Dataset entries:
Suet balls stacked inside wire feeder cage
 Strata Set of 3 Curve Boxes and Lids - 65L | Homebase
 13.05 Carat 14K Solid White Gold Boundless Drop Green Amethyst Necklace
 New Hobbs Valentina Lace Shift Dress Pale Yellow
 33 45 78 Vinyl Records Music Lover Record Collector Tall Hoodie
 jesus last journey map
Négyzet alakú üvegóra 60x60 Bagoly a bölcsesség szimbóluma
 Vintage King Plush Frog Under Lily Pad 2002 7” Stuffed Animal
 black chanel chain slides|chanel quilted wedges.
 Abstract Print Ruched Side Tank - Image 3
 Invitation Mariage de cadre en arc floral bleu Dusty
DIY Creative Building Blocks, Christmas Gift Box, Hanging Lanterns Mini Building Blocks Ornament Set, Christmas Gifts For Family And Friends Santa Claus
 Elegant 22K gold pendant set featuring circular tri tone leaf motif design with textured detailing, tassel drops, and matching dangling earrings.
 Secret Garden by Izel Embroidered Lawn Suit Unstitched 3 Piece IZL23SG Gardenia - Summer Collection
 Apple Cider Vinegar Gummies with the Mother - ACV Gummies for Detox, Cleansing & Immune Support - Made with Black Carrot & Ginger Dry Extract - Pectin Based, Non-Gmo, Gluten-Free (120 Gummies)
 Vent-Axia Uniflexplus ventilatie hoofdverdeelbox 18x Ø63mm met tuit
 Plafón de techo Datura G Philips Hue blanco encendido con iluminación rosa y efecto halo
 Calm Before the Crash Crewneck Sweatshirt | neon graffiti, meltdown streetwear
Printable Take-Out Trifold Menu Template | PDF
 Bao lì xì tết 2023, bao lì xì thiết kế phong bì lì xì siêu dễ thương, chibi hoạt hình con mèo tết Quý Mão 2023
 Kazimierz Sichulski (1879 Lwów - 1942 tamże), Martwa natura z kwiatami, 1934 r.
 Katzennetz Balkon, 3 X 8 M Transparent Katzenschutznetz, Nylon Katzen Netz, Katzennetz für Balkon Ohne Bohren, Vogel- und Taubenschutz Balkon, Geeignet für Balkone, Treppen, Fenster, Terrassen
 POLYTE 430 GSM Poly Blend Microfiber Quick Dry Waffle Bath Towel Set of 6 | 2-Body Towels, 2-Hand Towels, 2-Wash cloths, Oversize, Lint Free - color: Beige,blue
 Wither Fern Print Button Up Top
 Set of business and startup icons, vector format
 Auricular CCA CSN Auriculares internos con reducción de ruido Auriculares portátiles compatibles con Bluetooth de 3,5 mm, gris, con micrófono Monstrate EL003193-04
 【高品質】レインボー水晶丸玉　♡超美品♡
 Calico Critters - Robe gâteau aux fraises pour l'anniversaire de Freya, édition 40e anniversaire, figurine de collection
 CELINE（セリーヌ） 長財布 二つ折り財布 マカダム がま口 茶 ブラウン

**WHAT IS BEING ASKED:** Which lines above contain the word "Free"? Copy each one.

**REPLY TO THE EXERCISE:**
 Apple Cider Vinegar Gummies with the Mother - ACV Gummies for Detox, Cleansing & Immune Support - Made with Black Carrot & Ginger Dry Extract - Pectin Based, Non-Gmo, Gluten-Free (120 Gummies)
 POLYTE 430 GSM Poly Blend Microfiber Quick Dry Waffle Bath Towel Set of 6 | 2-Body Towels, 2-Hand Towels, 2-Wash cloths, Oversize, Lint Free - color: Beige,blue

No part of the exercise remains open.